(Saved entries):
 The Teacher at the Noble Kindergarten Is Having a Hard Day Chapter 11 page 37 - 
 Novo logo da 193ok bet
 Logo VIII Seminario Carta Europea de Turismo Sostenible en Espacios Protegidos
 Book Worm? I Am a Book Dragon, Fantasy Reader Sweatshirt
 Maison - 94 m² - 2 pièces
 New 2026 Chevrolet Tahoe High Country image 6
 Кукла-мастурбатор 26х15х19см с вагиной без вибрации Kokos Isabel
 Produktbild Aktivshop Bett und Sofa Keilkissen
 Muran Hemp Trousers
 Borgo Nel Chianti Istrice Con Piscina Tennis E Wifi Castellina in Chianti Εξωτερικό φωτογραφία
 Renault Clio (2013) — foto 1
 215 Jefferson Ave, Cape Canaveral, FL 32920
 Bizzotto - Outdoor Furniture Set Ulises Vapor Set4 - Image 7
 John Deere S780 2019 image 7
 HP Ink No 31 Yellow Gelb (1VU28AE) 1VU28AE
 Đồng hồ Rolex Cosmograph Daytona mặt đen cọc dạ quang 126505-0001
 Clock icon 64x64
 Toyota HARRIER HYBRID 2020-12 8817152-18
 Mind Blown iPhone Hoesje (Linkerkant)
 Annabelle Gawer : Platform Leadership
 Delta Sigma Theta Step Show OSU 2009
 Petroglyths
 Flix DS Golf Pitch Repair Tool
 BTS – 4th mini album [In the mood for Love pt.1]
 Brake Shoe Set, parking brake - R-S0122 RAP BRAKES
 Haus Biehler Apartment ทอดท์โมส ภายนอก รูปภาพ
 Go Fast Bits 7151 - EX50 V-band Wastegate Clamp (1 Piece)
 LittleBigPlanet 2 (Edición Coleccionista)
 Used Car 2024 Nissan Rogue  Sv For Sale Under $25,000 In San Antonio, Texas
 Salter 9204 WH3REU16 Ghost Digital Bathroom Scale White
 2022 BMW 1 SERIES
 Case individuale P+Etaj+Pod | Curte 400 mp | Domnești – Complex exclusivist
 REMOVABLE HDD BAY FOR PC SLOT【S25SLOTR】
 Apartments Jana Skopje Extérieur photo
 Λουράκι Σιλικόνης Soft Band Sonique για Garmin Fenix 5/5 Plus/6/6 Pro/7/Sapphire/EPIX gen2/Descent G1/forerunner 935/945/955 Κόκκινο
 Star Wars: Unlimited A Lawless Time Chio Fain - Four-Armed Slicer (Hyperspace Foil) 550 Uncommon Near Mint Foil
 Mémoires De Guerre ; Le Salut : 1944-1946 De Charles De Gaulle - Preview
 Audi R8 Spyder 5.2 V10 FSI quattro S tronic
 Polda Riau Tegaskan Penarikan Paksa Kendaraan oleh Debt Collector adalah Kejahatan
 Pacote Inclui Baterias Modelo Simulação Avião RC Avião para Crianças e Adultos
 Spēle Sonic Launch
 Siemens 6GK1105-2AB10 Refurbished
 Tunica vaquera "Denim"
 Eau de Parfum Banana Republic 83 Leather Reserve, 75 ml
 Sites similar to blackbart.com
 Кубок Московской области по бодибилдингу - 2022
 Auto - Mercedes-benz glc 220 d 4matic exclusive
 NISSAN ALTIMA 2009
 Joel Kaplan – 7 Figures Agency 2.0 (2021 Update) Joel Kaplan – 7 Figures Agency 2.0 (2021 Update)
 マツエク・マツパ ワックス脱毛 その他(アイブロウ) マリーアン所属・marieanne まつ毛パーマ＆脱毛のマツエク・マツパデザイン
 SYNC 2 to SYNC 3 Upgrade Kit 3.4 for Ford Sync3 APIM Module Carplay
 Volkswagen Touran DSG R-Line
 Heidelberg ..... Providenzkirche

(The task): All lines above from the one with "Siemens 6GK1105-2AB10 Refurbished" to the one with "マツエク・マツパ ワックス脱毛 その他(アイブロウ)", inclusive, should be copied exactly, and no other lines.

(Solution for this problem):
 Siemens 6GK1105-2AB10 Refurbished
 Tunica vaquera "Denim"
 Eau de Parfum Banana Republic 83 Leather Reserve, 75 ml
 Sites similar to blackbart.com
 Кубок Московской области по бодибилдингу - 2022
 Auto - Mercedes-benz glc 220 d 4matic exclusive
 NISSAN ALTIMA 2009
 Joel Kaplan – 7 Figures Agency 2.0 (2021 Update) Joel Kaplan – 7 Figures Agency 2.0 (2021 Update)
 マツエク・マツパ ワックス脱毛 その他(アイブロウ) マリーアン所属・marieanne まつ毛パーマ＆脱毛のマツエク・マツパデザイン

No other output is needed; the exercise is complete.